WASHINGTON — When, what to my wondering eyes should appear, but a miniature sleigh, and eight tiny reindeer.
And a penguin?
In case you missed the most pressing issue of the season — Santa’s race — Fox News’ Megyn Kelly reaped a whirlwind when she recently declared that not only is Santa white but so was Jesus.
“Santa is what he is,” she said. “Just because it makes you feel uncomfortable doesn’t mean it has to change. You know, I mean, Jesus was a white man, too.”
Kelly was directing her verdict to Slate blogger Aisha Harris, who wrote that Santa should be a penguin instead of a “fat white guy.” Harris recounted growing up with two Santas, one black and one white, but felt ashamed that her Santa was overshadowed by the more broadly accepted, default white Santa.
Not surprisingly, Kelly’s commentary earned her ridicule, mockery and a full-scale national debate (at least on cable TV, where time must be filled) and absurd charges of racism. Where is Chris Crocker when you need him: “Leave Megyn alone!
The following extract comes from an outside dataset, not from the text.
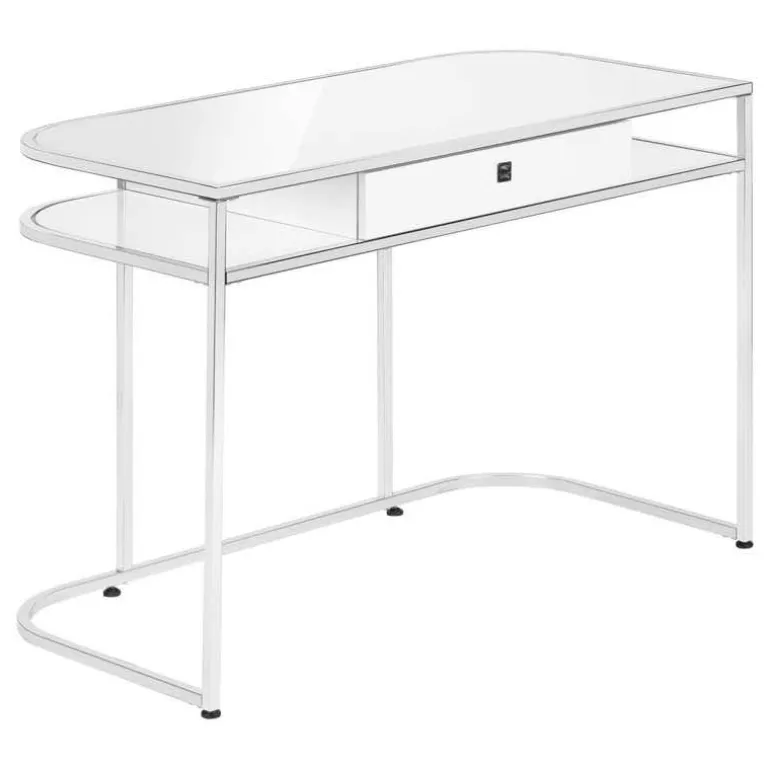 Computer desk - 2 tiers / 1 storage drawer / 2 open shelves / contemporary st - Monarch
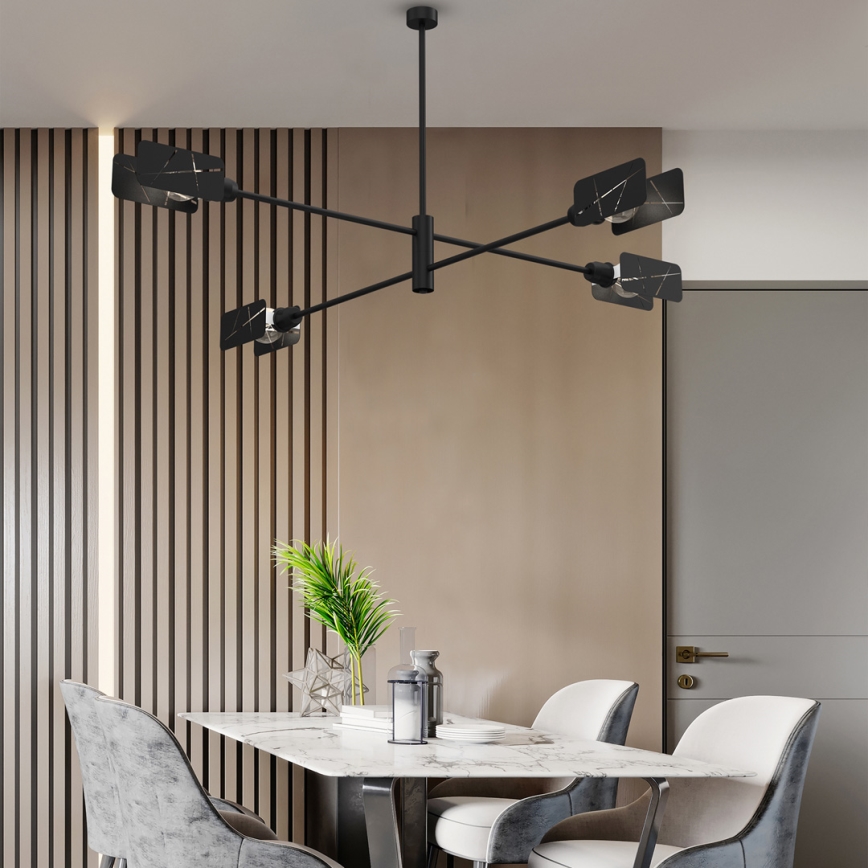 Viseći luster ASTRA 4xE27/60W/230V crna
She’s a human!”
Had Kelly ignored the article, we might not be engaged in this consequential conversation. No one but Kelly even mentioned Jesus. Instead, she has learned the lesson once articulated by P.J. O’Rourke: “Just as some things are too strange for fiction, others are too true for journalism.”
Obviously, Santa has always been white — at least in white households. And Jesus has to be white. Haven’t you seen all those stained-glass windows?
Except, seriously, he probably wasn’t. A Jew living in the Middle East 2,000 years ago — pre-sunscreen, not to mention at least 40 days wandering in the desert — Jesus probably wasn’t the light-skinned, brown-haired, sometimes blue-eyed lad most Americans of a certain age thought they knew.
As a child I often wondered how black people felt about Jesus and, therefore, God being white. There was a lovely little African-American church on the corner of Gervais and Millwood in Columbia, S.C., where I visited family during the summer, that featured the familiar image of Jesus kneeling in Gethsemane. He was beautiful in a Brad Pitt Legends-of-the-Fall kind of way, so I had a little crush. But I never passed that church without also thinking about the worshipers inside. Didn’t they want a Jesus who looked like them?
And, by extrapolation, a Santa?
Well, yes, it turns out that many did and do, including Harris.
This story would have no flippers if it didn’t hint at a larger issue that isn’t really about race. The skin color of magical elves who fly around in reindeer-drawn sleighs is a far easier conversation than the broader iconoclasm that is really at the root of what Kelly perhaps intuited but failed to convey. But then cable TV, tethered as it is to hits, blips and buzz, doesn’t often lend itself to deep reflection.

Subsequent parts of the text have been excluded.